普段、我々が話す時、完成された一文を頭に浮かべてそれをきっちり発表するように話すわけではない。慣例や反射で飛び出す一文は除いて、だいたいは話しながら超高速で言葉を選んで文を構築していっている。
言葉が構築されていくフローには「よくある言い回し」など、日本語に精通した人が共通して持っている経験則が参考に用いられる。
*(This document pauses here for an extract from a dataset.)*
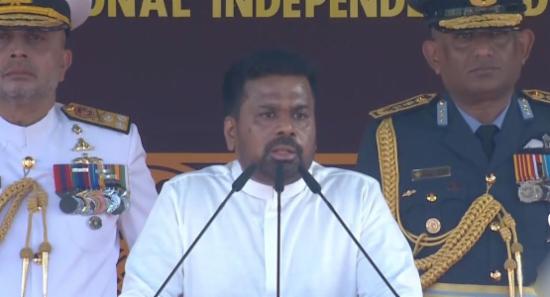 President Vows to Build A United Nation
これをAIもやるようになったわけである。
先に例に挙げたデモムービーでの日本語「それでは早速当社の」を聞いただけで、英語「Let's jump right into」(意:「早速○○を始めましょう」)が生成されたわけは、実はその前に発言者の「突然のお願いにもかかわらずお集まり頂きありがとうございます」という発言があった。
「どうやら会議のようなものが始まりそうだ」という文脈をAIは汲んで、さらに「会議なら何か議題を提示するところからスタートするだろう」と予測し、話の途中で上の訳文を生成するに至ったわけである。
同時通訳に関しては現在DeepLがまた一歩リードしているような状況だが、AIの分野は日進月歩だから各社も近いクオリティにまで水準を揃えてくるかもしれない。
日常でちょっと翻訳を使う人には
現状のクオリティでもOK?
しかしDeepLがビジネスの場に主に注力して研究開発を進めているのに対し、Google翻訳はその分野に関してそこまでの熱意を注いでいないようにも見える。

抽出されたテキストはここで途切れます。